| Study material |
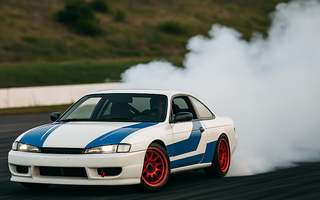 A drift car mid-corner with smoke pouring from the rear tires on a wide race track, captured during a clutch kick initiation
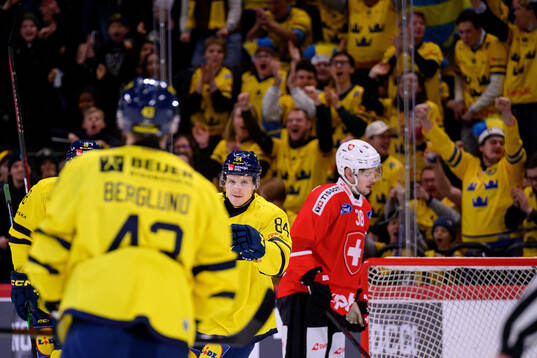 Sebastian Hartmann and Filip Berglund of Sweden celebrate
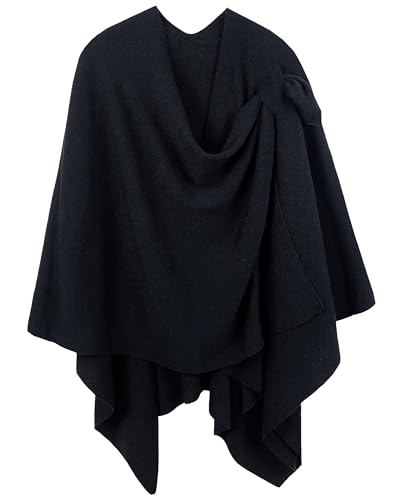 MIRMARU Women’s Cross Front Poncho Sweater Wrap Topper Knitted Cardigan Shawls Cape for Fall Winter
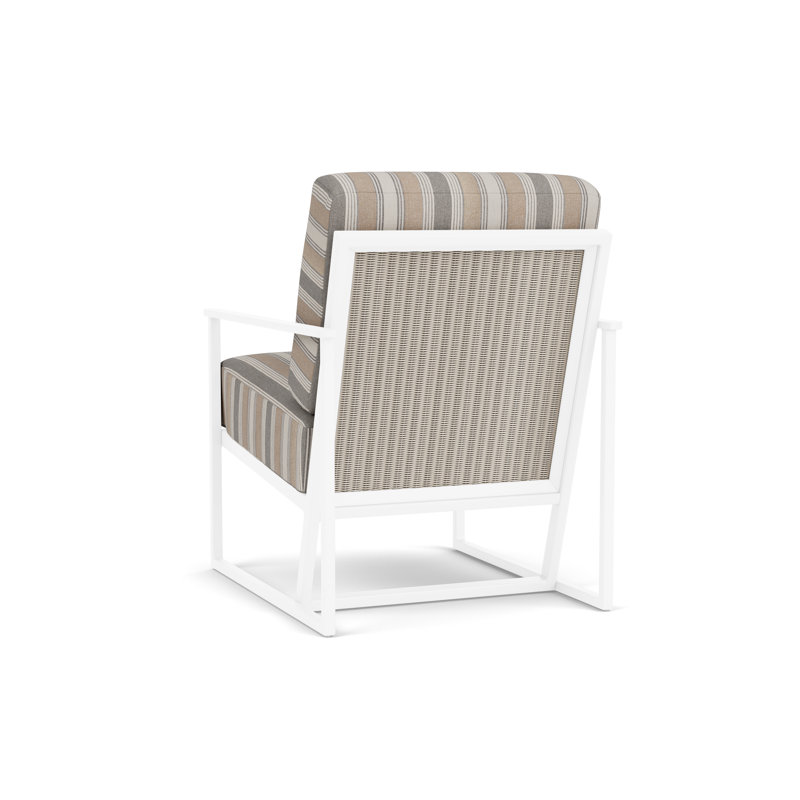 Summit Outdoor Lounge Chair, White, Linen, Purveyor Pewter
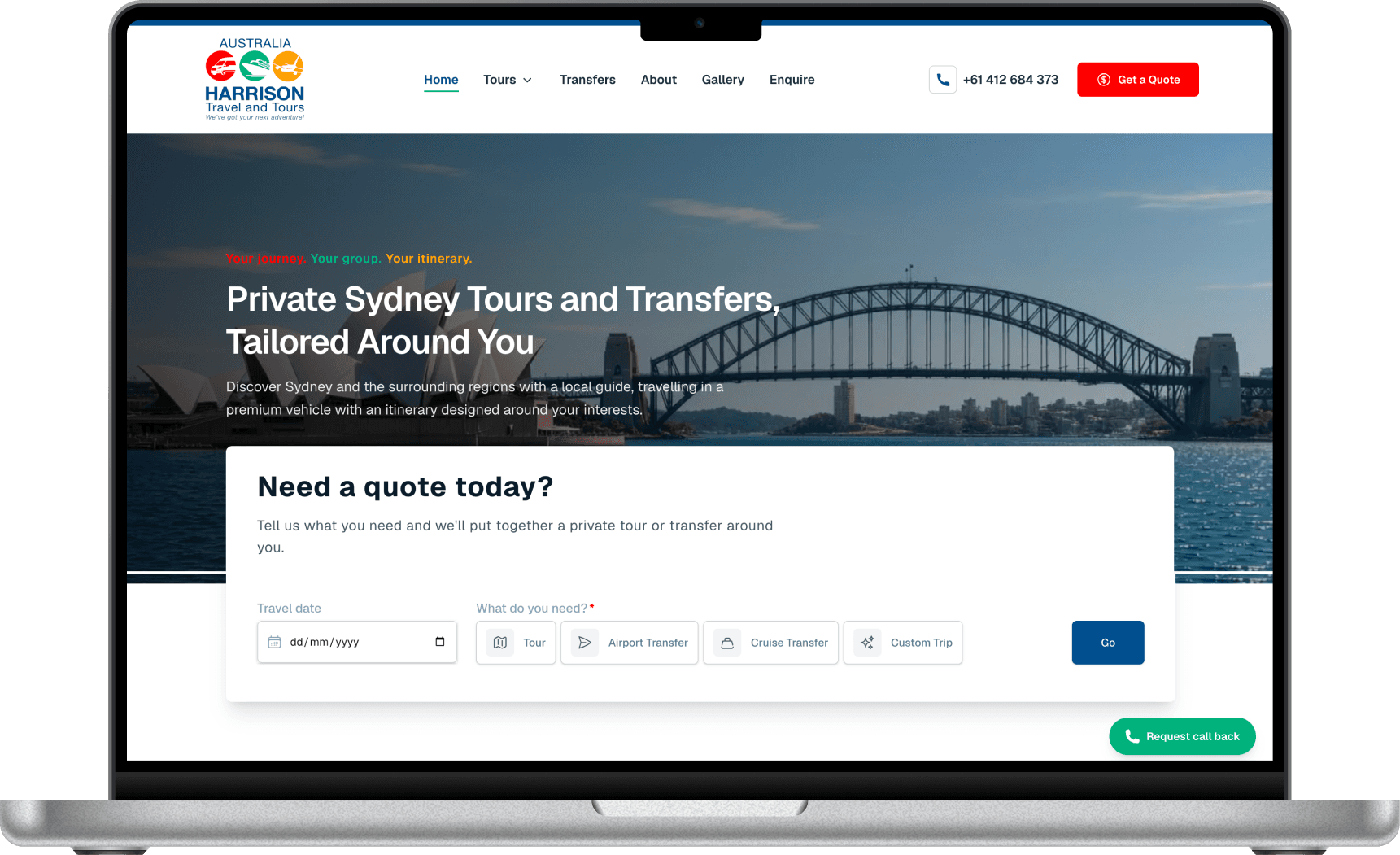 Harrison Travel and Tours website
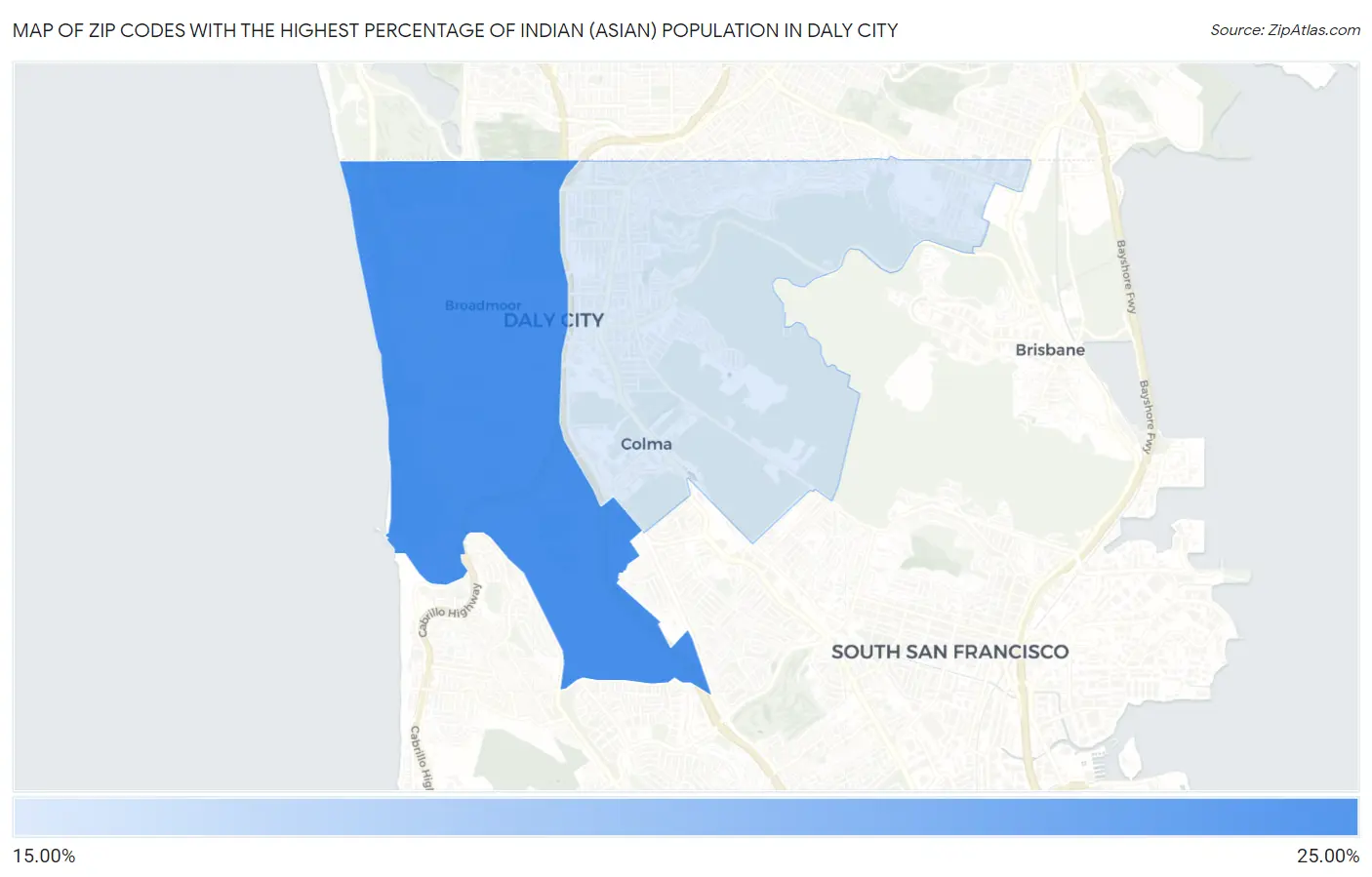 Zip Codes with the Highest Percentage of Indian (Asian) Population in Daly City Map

| Task brief |
Leave the images aside and return the records above exactly as written.

| Task output |
 A drift car mid-corner with smoke pouring from the rear tires on a wide race track, captured during a clutch kick initiation
 Sebastian Hartmann and Filip Berglund of Sweden celebrate
 MIRMARU Women’s Cross Front Poncho Sweater Wrap Topper Knitted Cardigan Shawls Cape for Fall Winter
 Summit Outdoor Lounge Chair, White, Linen, Purveyor Pewter
 Harrison Travel and Tours website
 Zip Codes with the Highest Percentage of Indian (Asian) Population in Daly City Map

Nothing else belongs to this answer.